What is expected.
After finding the line that holds "Oval Acrylic Red" below, set down that line and the rest through the final one exactly, leaving the pictures out.
━━━ Input ━━━
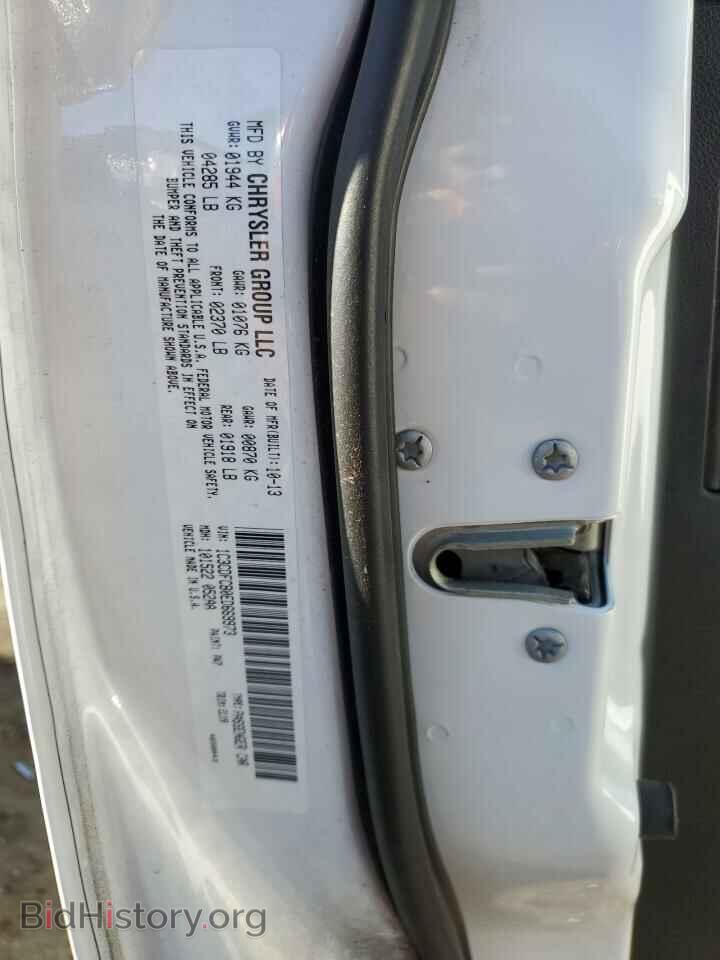 2014 Dodge DART (VIN 1C3CDFCB0ED669973) — photo 10 of 10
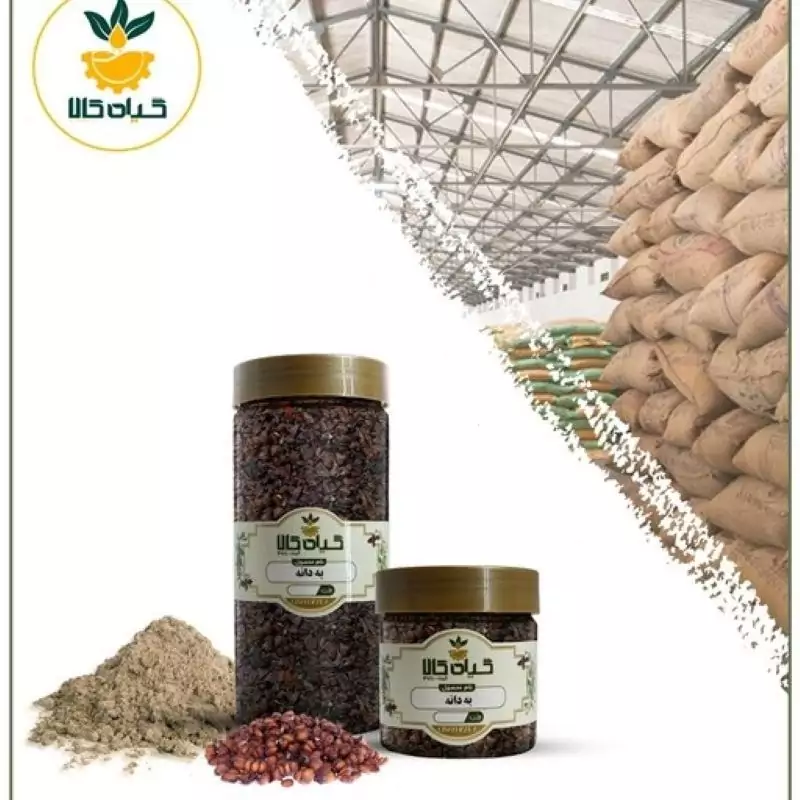 به دانه با کیفیت عالی، بار امسالی و تازه(750گرمی )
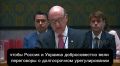 ������������� ��� � ������������� � ���������� ������ ��� ��� ������ - ������� ���� � ������ ����������� ������ � ������ ����������:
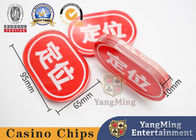 Oval Acrylic Red Positioning Card Niuniu Poker Game Table Card Customization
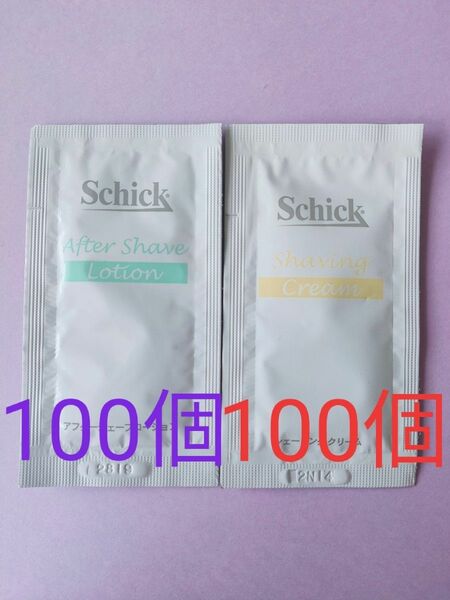 Schick シック シェービングクリーム ローション 業務用 出張用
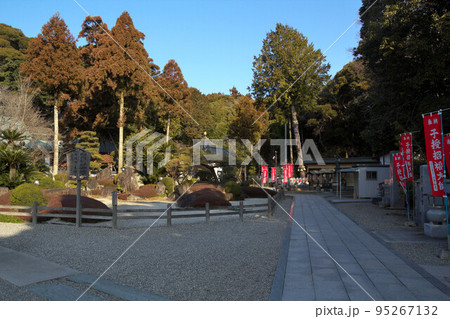 四国八十八箇所第2番 極楽寺 四国八十八箇所第2番 極楽寺 95267132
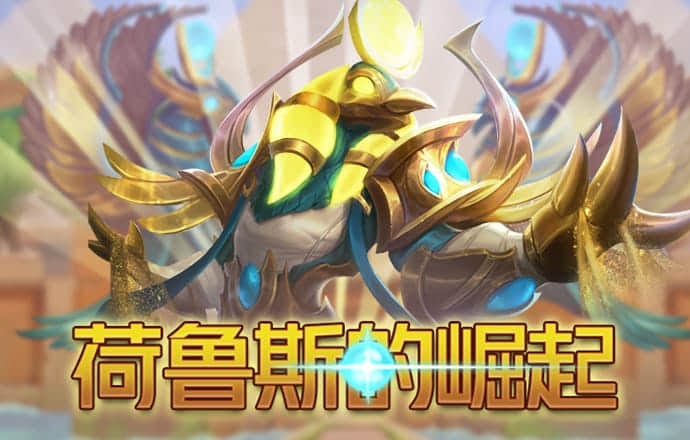 777电子游戏截图4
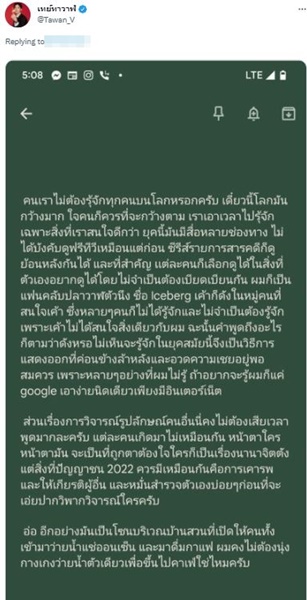เต ตะวัน เปิดใจ ไม่โกรธ หลังถูกวิจารณ์เรื่องหน้าตา เต ตะวัน เปิดใจ ไม่โกรธ หลังถูกวิจารณ์เรื่องหน้าตา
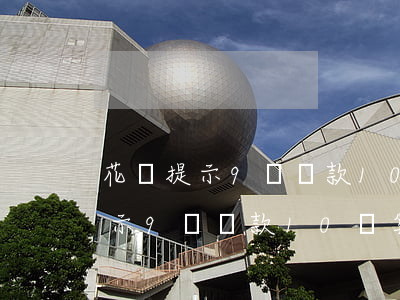 花唄提示9號還款10號算逾期嗎-花唄提示9號還款10號算逾期嗎為什么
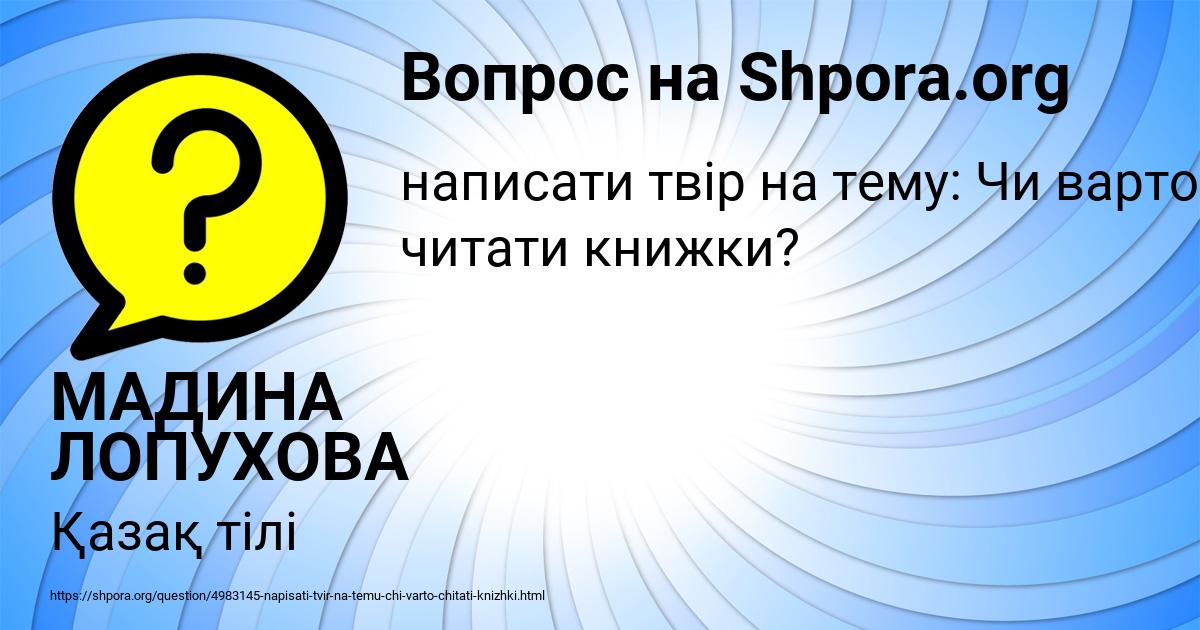 Картинка с текстом вопроса от пользователя МАДИНА ЛОПУХОВА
━━━
The completed task.
 Oval Acrylic Red Positioning Card Niuniu Poker Game Table Card Customization
 Schick シック シェービングクリーム ローション 業務用 出張用
 四国八十八箇所第2番 極楽寺 四国八十八箇所第2番 極楽寺 95267132
 777电子游戏截图4
เต ตะวัน เปิดใจ ไม่โกรธ หลังถูกวิจารณ์เรื่องหน้าตา เต ตะวัน เปิดใจ ไม่โกรธ หลังถูกวิจารณ์เรื่องหน้าตา
 花唄提示9號還款10號算逾期嗎-花唄提示9號還款10號算逾期嗎為什么
 Картинка с текстом вопроса от пользователя МАДИНА ЛОПУХОВА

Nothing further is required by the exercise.